**Work instructions**
Copy word for word the line containing "Dries Mertens (giữa)" together with all lines following it to the end of the listing below, without the pictures.

╭─ Recorded data

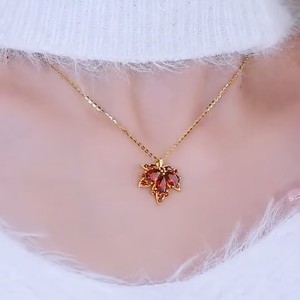 Red Maple Leaf Necklace Stainless Steel Clavicle Chain Autumn Winter Style Inlaid Pendant For Women - Product Image 4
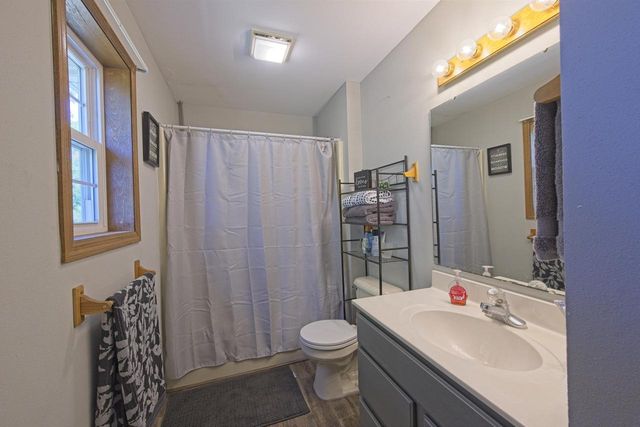927 Lone Tree Lane, Prairie Du Sac, WI 53578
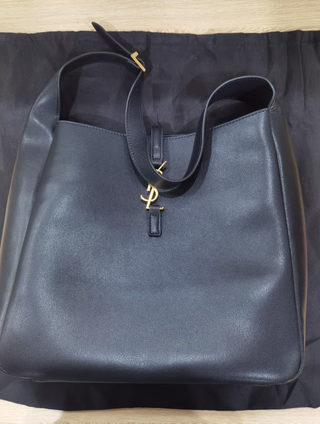 Bolso YSL Hobo mediano negro, original con factura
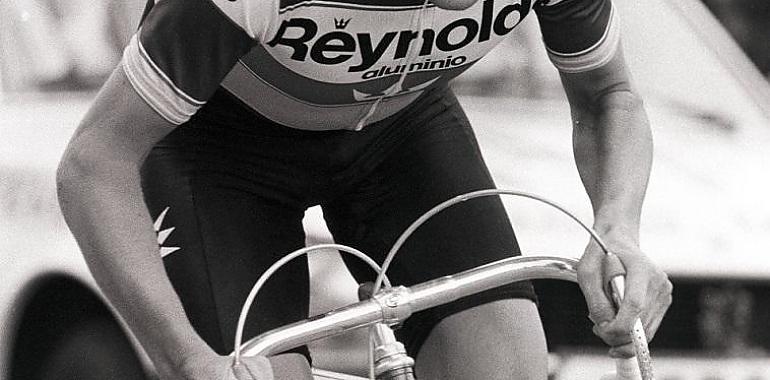 Insignia de oro para Ángel Arroyo, segundo clasificado en el Tour de Francia de 1983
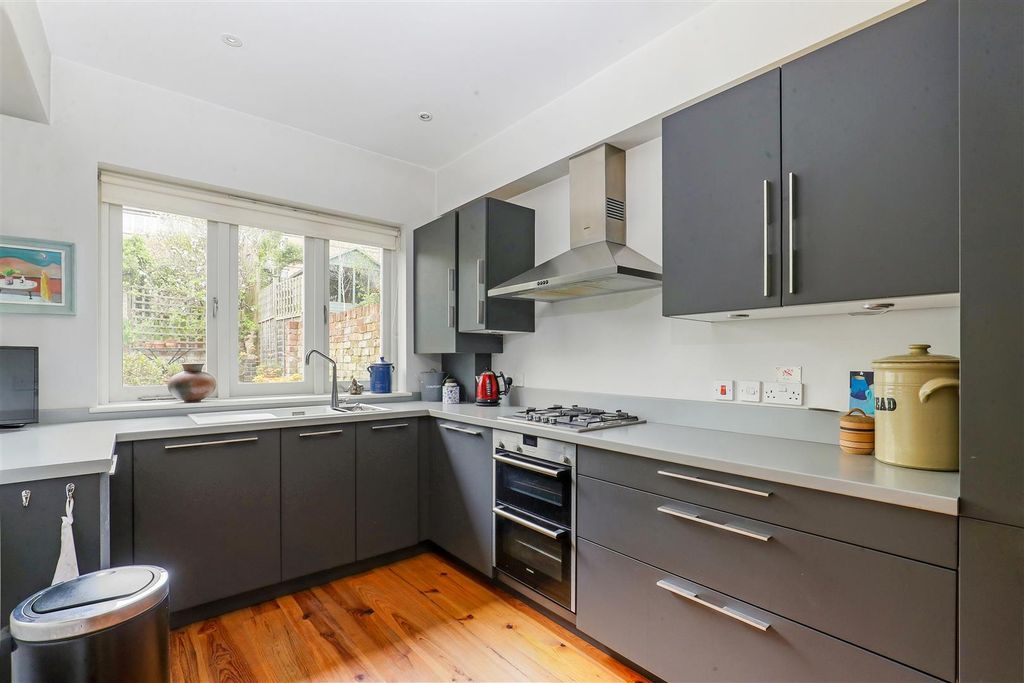 Property photo 3 of 26 Sketch_Ph8_6520124.Jpg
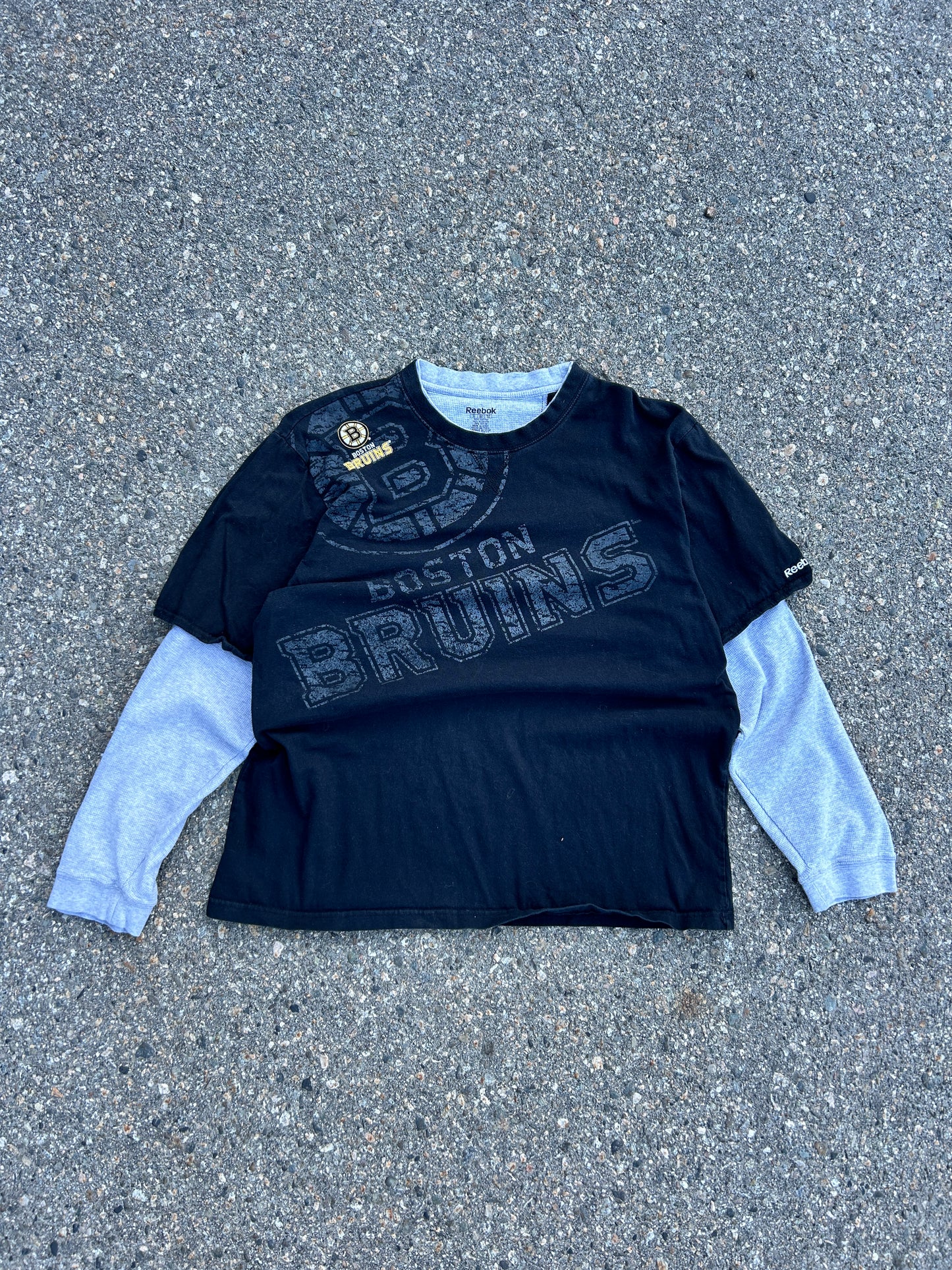 Vintage Y2K Boston Bruins Reebok Thermal Sleeved Tee (XL)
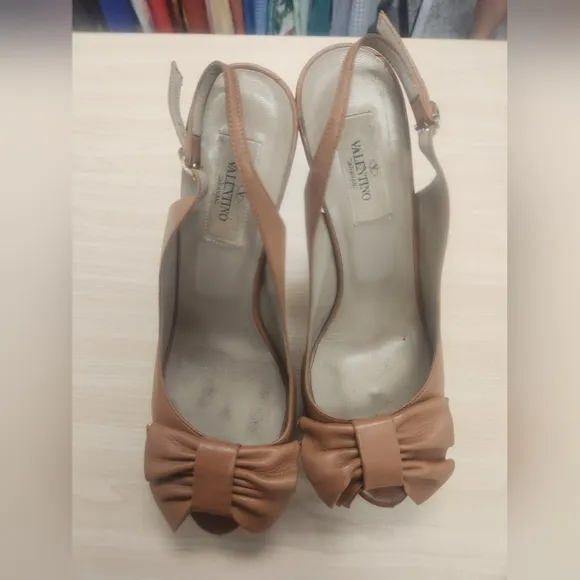 Valentino 37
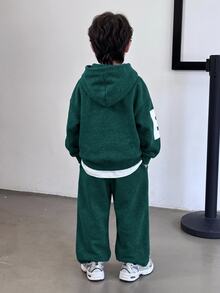 SHEIN Little Byeori 2件組兒童小男孩休閒街頭風韓式雪花與大字母印花連帽長袖衛衣＋純色鬆緊腰運動長褲套裝，適合返校季、生日、嬰兒派對、節日派對，秋冬穿著 - 綠色 - 查看 2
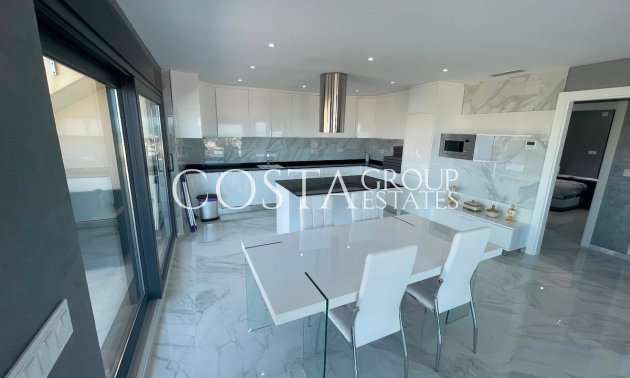 Resale - Villa -
Torrevieja - La Mata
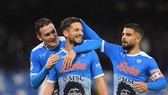 Dries Mertens (giữa) với cú đúp giúp Napoli thắng Lazio 4-0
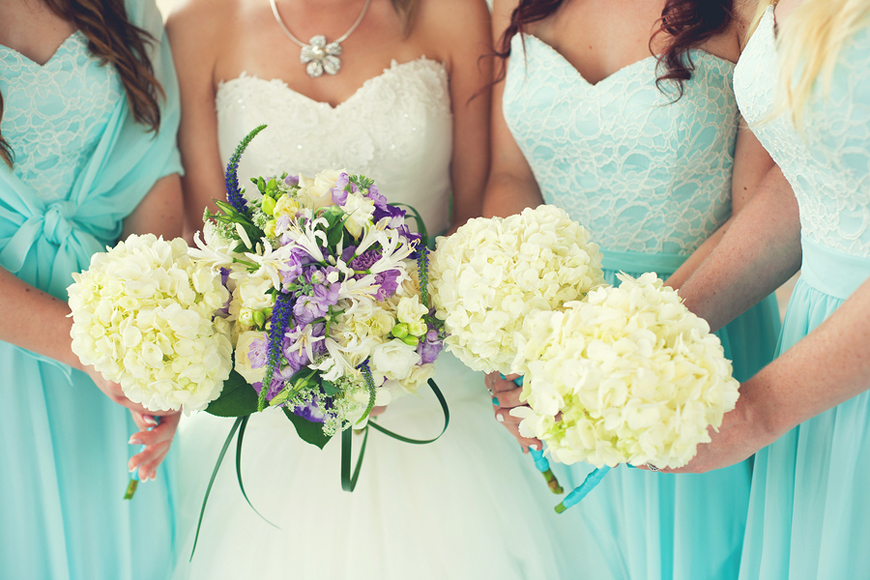 11 Must-Have Photos With Your Bridesmaids 11 Must-Have Photos With Your Bridesmaids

╰─

**Result for this task**
 Dries Mertens (giữa) với cú đúp giúp Napoli thắng Lazio 4-0
 11 Must-Have Photos With Your Bridesmaids 11 Must-Have Photos With Your Bridesmaids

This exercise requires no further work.